Definitely read the one here:

https://supportforums.cisco.com/message/3237672

This thread discusses some of the concerns/issues regarding changes made using the service account. Specifically, Scott Fringer's responses are highly informative.

https://supportforums.cisco.com/message/3238202#3238202

https://supportforums.cisco.com/message/3239089#3239089

From Scott's reponses:

Any changes made via the service account will not survive a software upgrade. Making unsupported changes via the service account may also require re-imaging the sensor to factory defaults to allow effective troubleshooting to occur during a TAC service request.

and:

The module will still be supported; but it will most likely be necessary to revert the module to factory defaults (re-image) early in the process to ensure it is not an unsupported change that is causing issue.

It is possible, depending on the changes implemented, that a signature update could revert a change; that is why the service account should not be utilized for direct or long-term configuration changes. Most changes performed via the service account are under TAC direction, and are usually reverted when the troubleshooting is completed.

Just some food for thought ...

pemasirid · ‎04-10-2011

Hi,

Thanks for all your valuable responses. Also just want to know is there any impact or service disruptions etc doing this, as we have many IPS deployed and all are currently on live network.

thanks

Jennifer Halim · ‎04-10-2011

It should be no service impacting as only the SSH daemon needs to be restarted. However, if you are performing the change via SSH session, it will kill the session when restart is being performed.

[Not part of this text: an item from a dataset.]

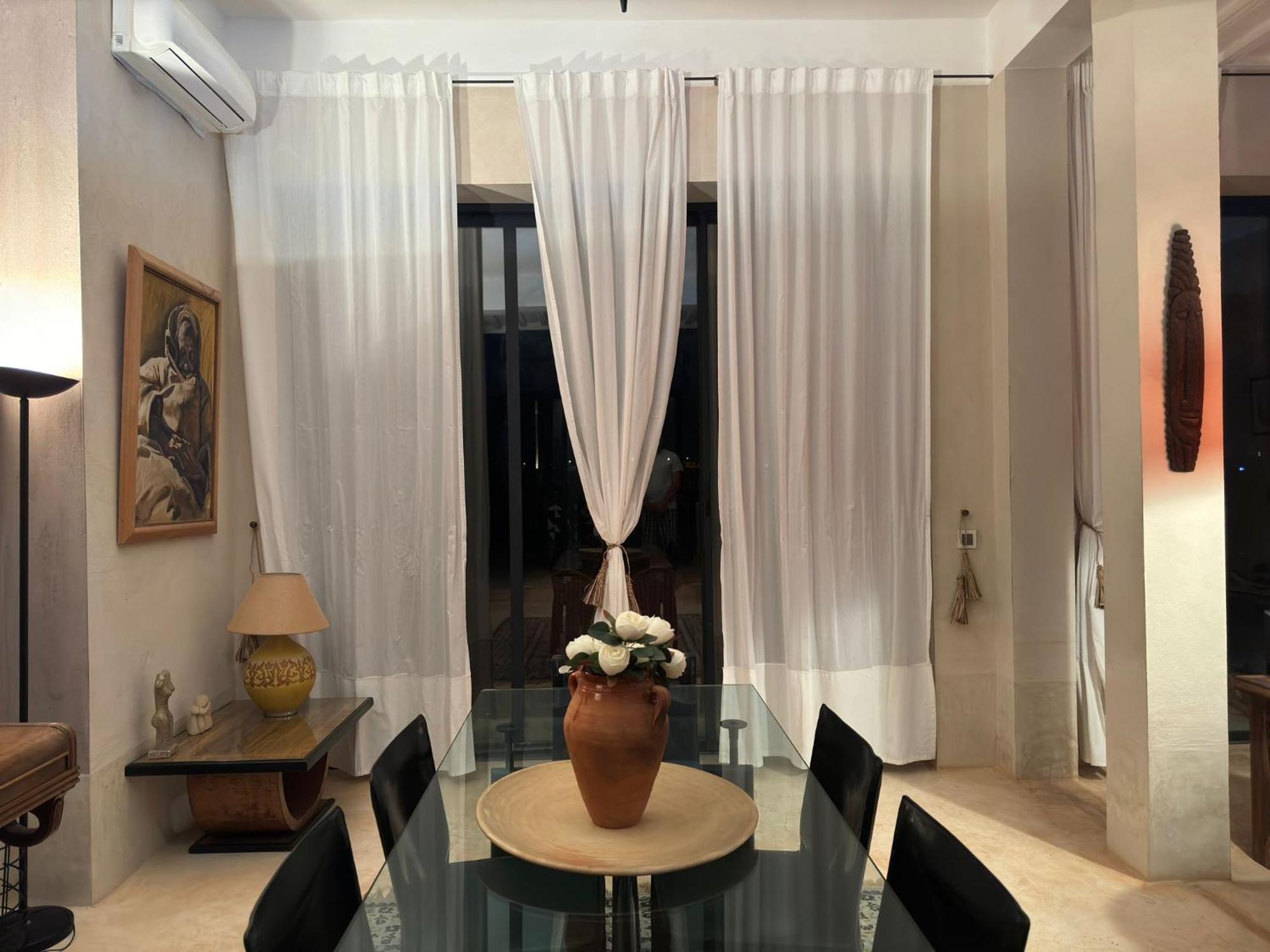 Villa Kela Serene Ouahat Sidi Brahim 外观 照片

Message was edited by: Jennifer Halim

mikecrowe4ICS_2 · ‎04-10-2011

Some of the comments regarding this change, such as this one, indicate that only the SSH daemon needs to be restarted, using this command:

/etc/rc.d/init.d/sshd restart

This would include Jennifer's comment above.

Other comments, such as this one, indicate restarting the "cids" process. You will probably need to try the configuration to see which method works for you, either on a test machine, or one that will not impact network traffic.

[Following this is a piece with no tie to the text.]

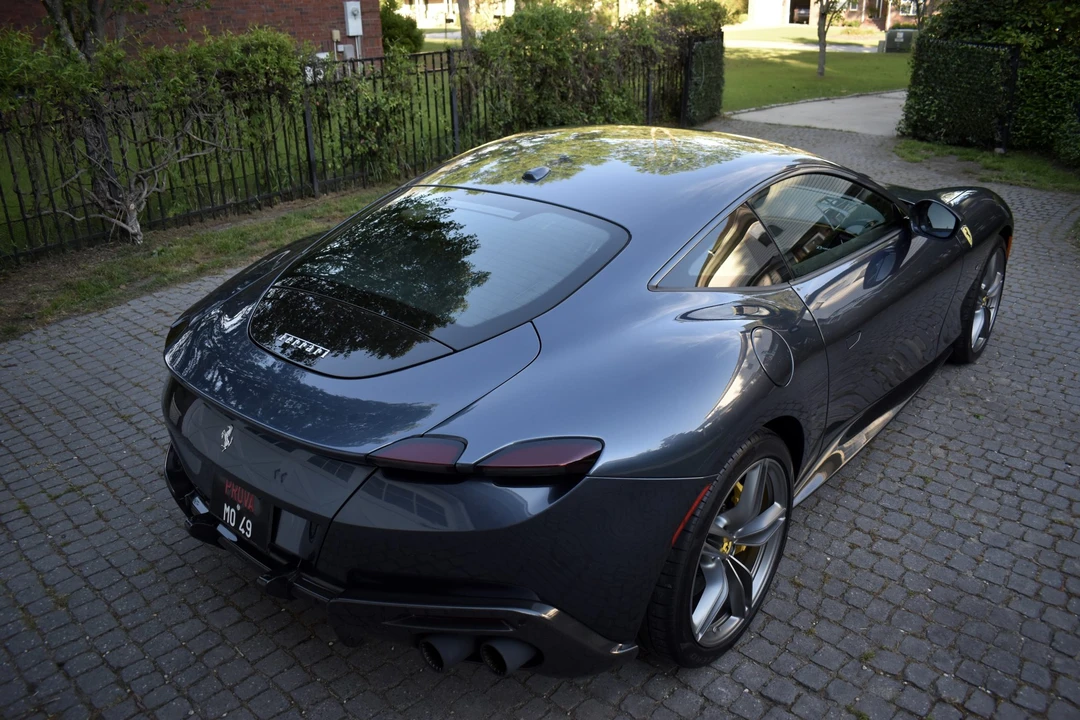 2024 Ferrari Roma - Image 26 of 31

SecureWorks Device Management · ‎10-03-2012

Hello,

Will the steps provided survive an IPS reboot and/or an IPS upgrade?

Thanks.

Jennifer Halim · ‎10-03-2012

It will survive an IPS reboot, however, as changes were being done via service account, it will not survive an IPS upgrade.

Here is an enhancement request that you can track to only allow SSHv2 via normal IPS command line: CSCsk84977

http://tools.cisco.com/Support/BugToolKit/search/getBugDetails.do?method=fetchBugDetails&bugId=CSCsk84977

SecureWorks Device Management · ‎10-04-2012

Jennifer,

Can you provide us a time frame on this enhancement? Seems to me if you can easily disable SSHv1 on an ASA you should be able to on an IPS. Please have your development team prioritize this.

Thanks.

Jennifer Halim · ‎10-05-2012

Unfortunately i don't have time frame for this enhancement. You would want to get in touch with your cisco account rep for this, or alternatively open a TAC case so it can be linked as the more people who request it, the more priority it will get.